Springvossen bevat voor het merendeel voltooide gedichten, maar er is ook een typoscript afgedrukt met verschillende versies van één gedicht, en de bundel begint met een aantal gedichten die, schrijft Zeckovic in haar verantwoording 'misschien atypisch aandoen; ze kunnen gelezen worden als stijloefeningen.'
Faverey (1933-1990) debuteerde in 1968 met Gedichten, een bundel die als vrijwel onbegrijpelijk werd beschouwd. Later ontstond meer begrip voor zijn werk, en kort voor zijn dood werd hem de Constantijn Huygensprijs voor zijn gehele oeuvre toegekend. Faverey probeerde de 'roekeloze, meedogenloze schoonheid' van het bestaan te fixeren.
Samen met hoogleraar Nederlandse letterkunde Marita Mathijsen heeft Lela Zeckovic de nalatenschap van Faverey gecatalogiseerd. 'Een enorm werk', verzucht ze. Maar ze vond 'beeldschone gedichten', waarvan er, na de bundel die ze nu heeft samengesteld en die een coherent geheel moest worden, nog een stuk of twintig, vijfentwintig over zijn. 'En dan is het echt op.'
'Die andere gedichten doen we nog een keer, over drie of vier jaar. Alleen denk ik niet dat ík de volgende bundel zal samenstellen. Want ach, waarom ik. En er zijn liefhebbers die zich ermee willen belasten. Maar ik wil wel een oogje in het zeil houden.' Wellicht verschijnt in de toekomst ook een wetenschappelijke uitgave van Favereys werk, met alle varianten die van zijn gedichten bestaan.

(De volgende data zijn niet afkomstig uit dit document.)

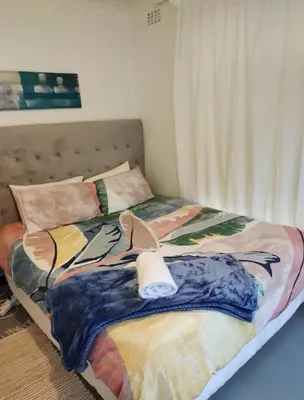 a bedroom with a bed with a blanket on it at Claremont Studio in Cape Town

Hans Faverey wilde als jongen componist worden - in Springvossen zijn twee partituren afgedrukt die hij als 15-jarige noteerde - maar hij werd dichter. In een van de weinige interviews die hij heeft gegeven, spreekt Faverey over zijn jaloezie op componisten, die niet vastzitten aan verwijzingen. 'Van woorden verwacht men begrijpelijkheid. Je mag het niet alleen met ritme en klank doen.'
Dichter of componist, dat zijn geen beroepen die je kunt leren, als zodanig word je geboren, zegt Favereys jongere broer Robby, zelf gitarist/luitist. Robby Faverey speelt vanavond als hommage aan zijn broer op de theorbe, de basluit. 'Muziek was heel belangrijk in zijn leven. De muziek die ik speel, Franse luitmuziek, is contemplatief, het is bijna een soort spreken.'
'De gedichten van Hans zijn een spel van taal, zo zag hij dat ook. Een woord kan iets muzikaals oproepen. Niet voor niets zoeken musici heel lang naar een naam voor een groep. Maar aan woorden hecht je betekenis. Als ik een akkoord speel, geeft wat eraan vooraf gaat, en wat erna komt er betekenis aan. Woorden hebben altijd betekenis in zichzelf.'
Nagelaten gedichten van Hans Faverey, vanavond 20.00 uur, Kleine zaal Rotterdamse schouwburg. www.poetry.nl.